Well at the time you first posted everyone else took the context of your appearance as Prat77 and its similarity to my name (both the number 77 and the apparent parody via using the word Prat) to have been a deliberate attempt to be provocative.

I only ever knew one person with the surname Prat (back at my old university in the 1980s) and he spelt it with a double t. I have to say that if I was unfortunate enough to have the surname Prat I would probably change it by deed poll to something else and I certainly wouldn't use it as my forum handle. However on the basis that you came to the forum for the first time and were stuck for a forum name I imagine that seeing my posts and your apparent subsequent assumption that it was normal to include year of birth in your forum name must have influenced your choice.

I do however find it odd that you were so easily able to resurrect comments in a post I made in the forum over 40 minutes after I had deleted them as even things like Way Back Machine do not archive web pages that often. That suggests to me a rather sophisticated internet user as also do your comments about me being an "internerd". However in language terms this does closely resembles the posting style of a very long term member of this forum who has already once changed his forum name.

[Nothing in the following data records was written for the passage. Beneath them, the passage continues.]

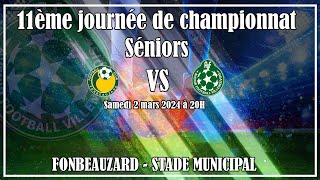 Fonbeauzard FC vs AF Villeneuvois séniors [upl. by Accalia]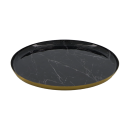 Trendhopper Tablett Marble Metall Schwarz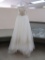 SIZE 4 CASABLANCA IVORY/IVORY/SILVER WEDDING DRESS  $1,350.00
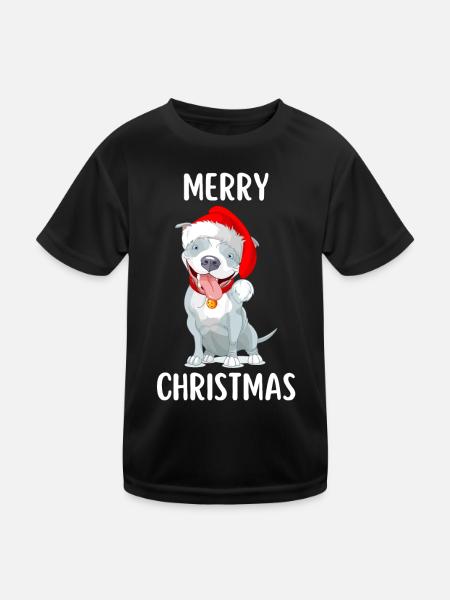 Joyeux Noël Drôle de Chemise de Noël - T-shirt sport Enfant - noir - Devant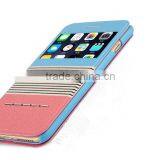 Striped Pattern Design Mobile Phone Case Assorted Colours Standing Leather Case For IPhone 6 thumbnail-2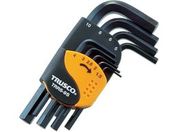 TRUSCO/六角棒レンチセット ショートタイプ 9本組/TRRS-9S
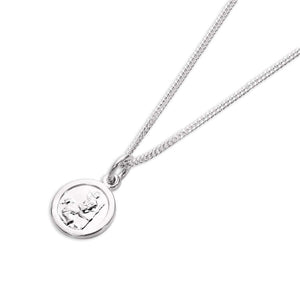 Mini Sterling Silver St Christopher on Rope Chain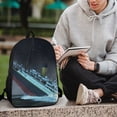 thumbnail image 6 of Titanic Backpack, Large Capacity Computer Backpack, 17 Inch Laptop Backpack for College Work Travel, 6 of 9
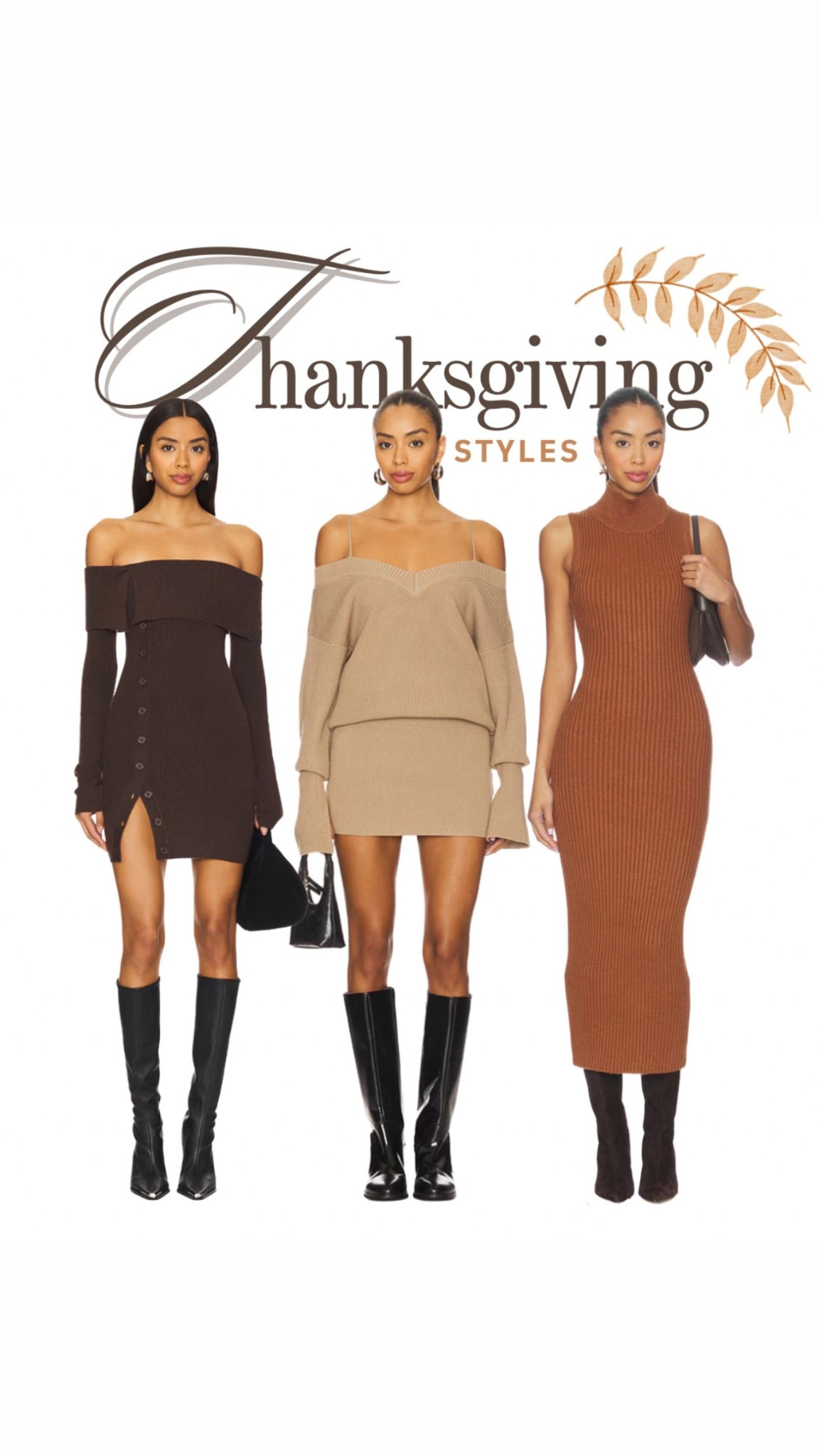 Thanksgiving dresses that are comfortable but still flattering. 🦃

Whether your surname is really Prat or not your choice of forum name does seem unfortunate when there is another very regularly posting forum member with 77 in their name and the word Prat is bound to be taken by many as a deliberate attempt to take the pi**.


----------



## Pete77 (Aug 1, 2006)

ColinYounger said:


> Don't worry about Pete - he's having one of his bad times where he gets all paranoid. The rest of us are friendly.


I wouldn't take any notice of Colin.

He's a fairly mean Tivoweb coder who has produced some rather useful stuff but its hard to take anyone seriously who chooses to post a forum avatar that shows a paper bag on his head. Especially when its not compulsory to post any forum member avatar at all so the logical and sane thing to do would be to leave it blank if you don't wish to post your own real pic.


----------



## mikerr (Jun 2, 2005)

pete77 said:


> I wouldn't take any notice of Colin.
> 
> He's a fairly mean Tivoweb coder who has produced some rather useful stuff but its hard to take anyone seriously who chooses to post a forum avatar that shows a paper bag on his head. Especially when its not compulsory to post any forum member avatar at all so the logical and sane thing to do would be to leave it blank if you don't wish to post your own real pic


Is it a "logical and sane" thing to do to obsess over other people's avatars ?


----------



## Pete77 (Aug 1, 2006)

mikerr said:


> Is it a "logical and sane" thing to do to obsess over other people's avatars ?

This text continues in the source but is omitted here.